> **AIM OF THE EXERCISE**:
The data must be reproduced verbatim; images are to be omitted.

[[ PROVIDED MATERIAL, beginning ]]

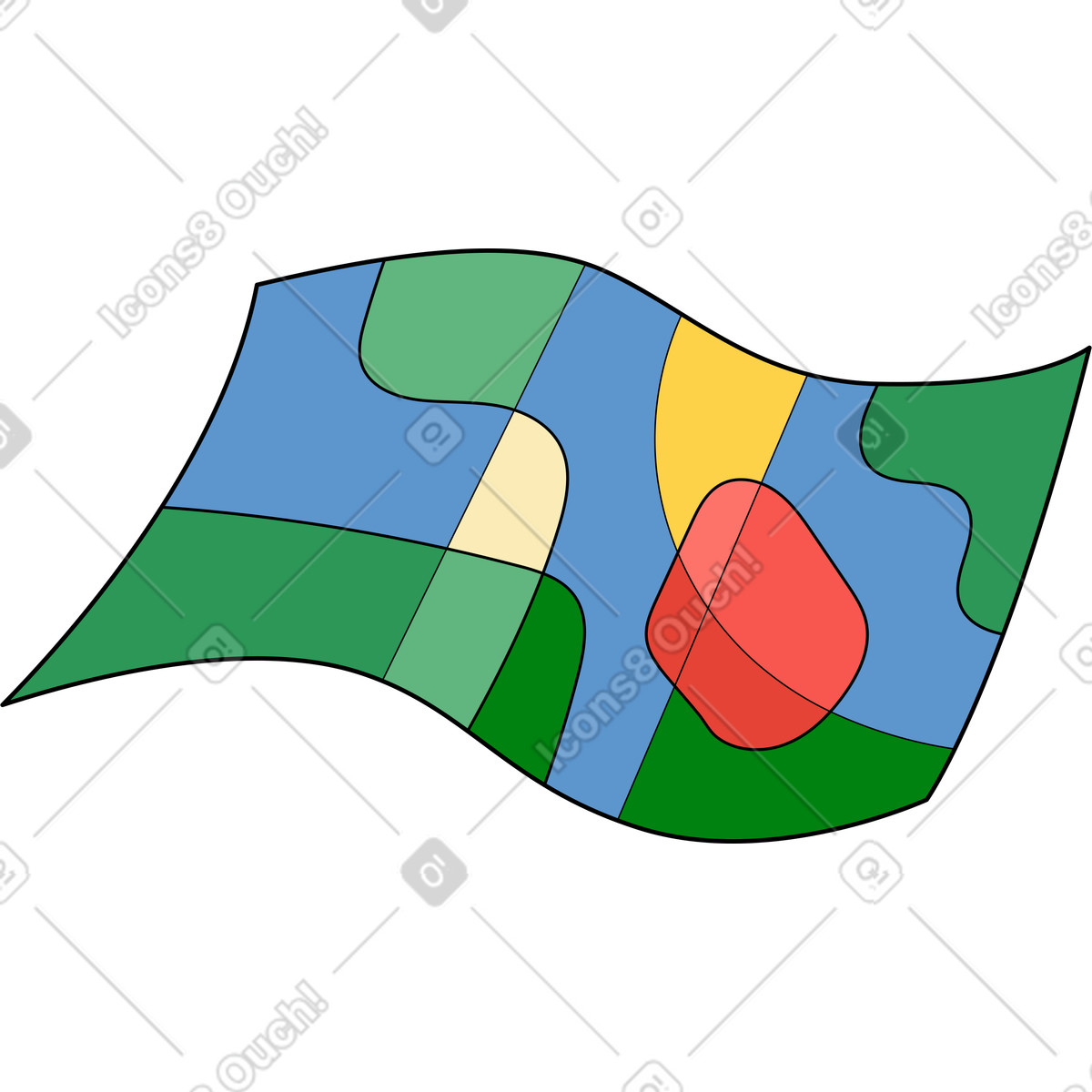 Иллюстрация Карта в стиле Surr — скачать в форматах PNG, SVG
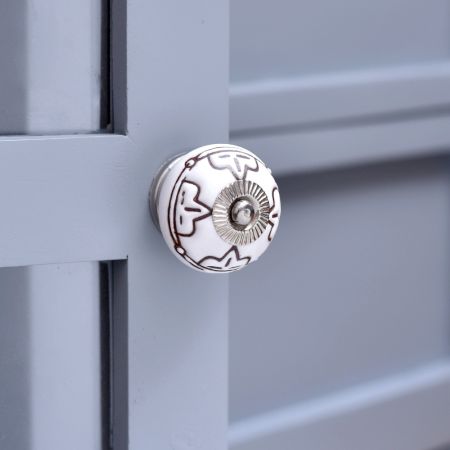 Cream Etched Floral Ceramic Cabinet Knob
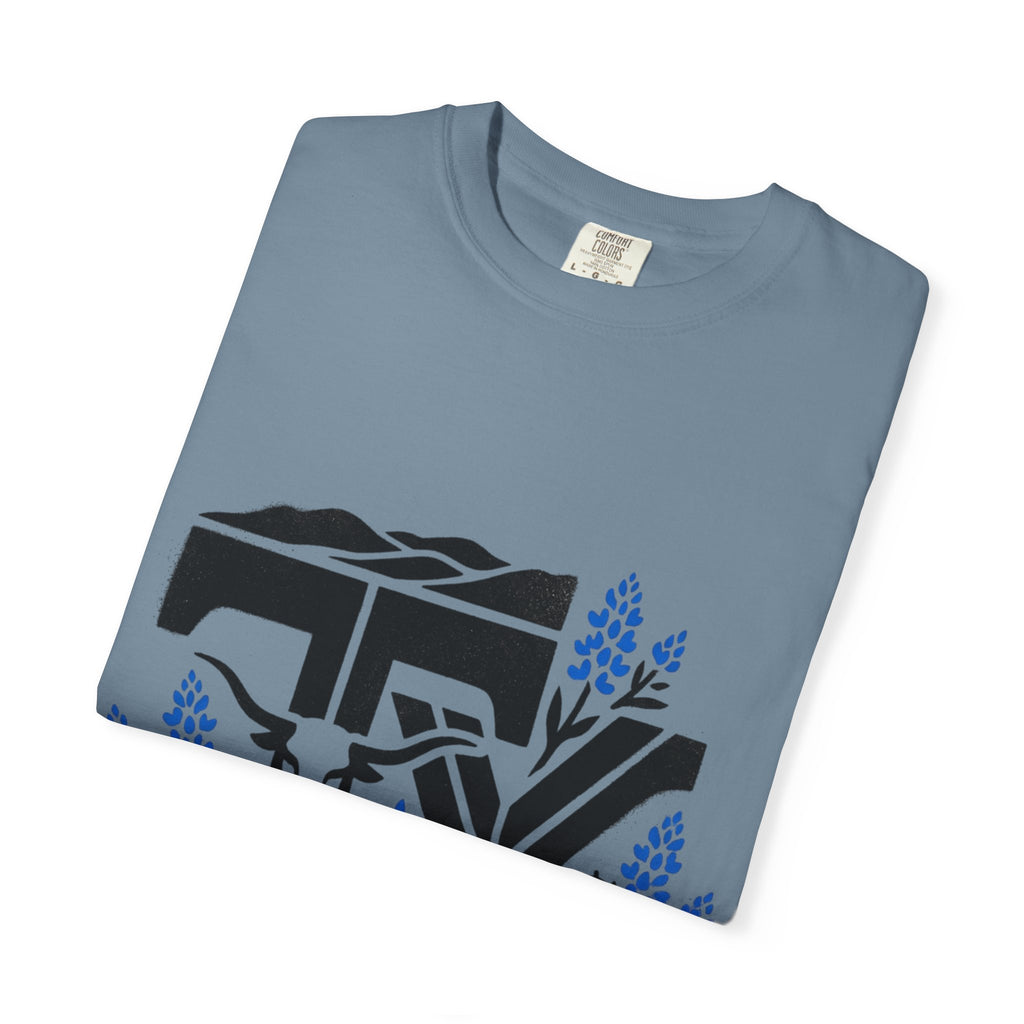 OurStateTees - TX Texas Southwestern Tee — Longhorn, Armadillo & Bluebonnet Graphic T-Shirt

[[ PROVIDED MATERIAL, end ]]

> **RESPONSE TO THE TASK**:
 Иллюстрация Карта в стиле Surr — скачать в форматах PNG, SVG
 Cream Etched Floral Ceramic Cabinet Knob
 OurStateTees - TX Texas Southwestern Tee — Longhorn, Armadillo & Bluebonnet Graphic T-Shirt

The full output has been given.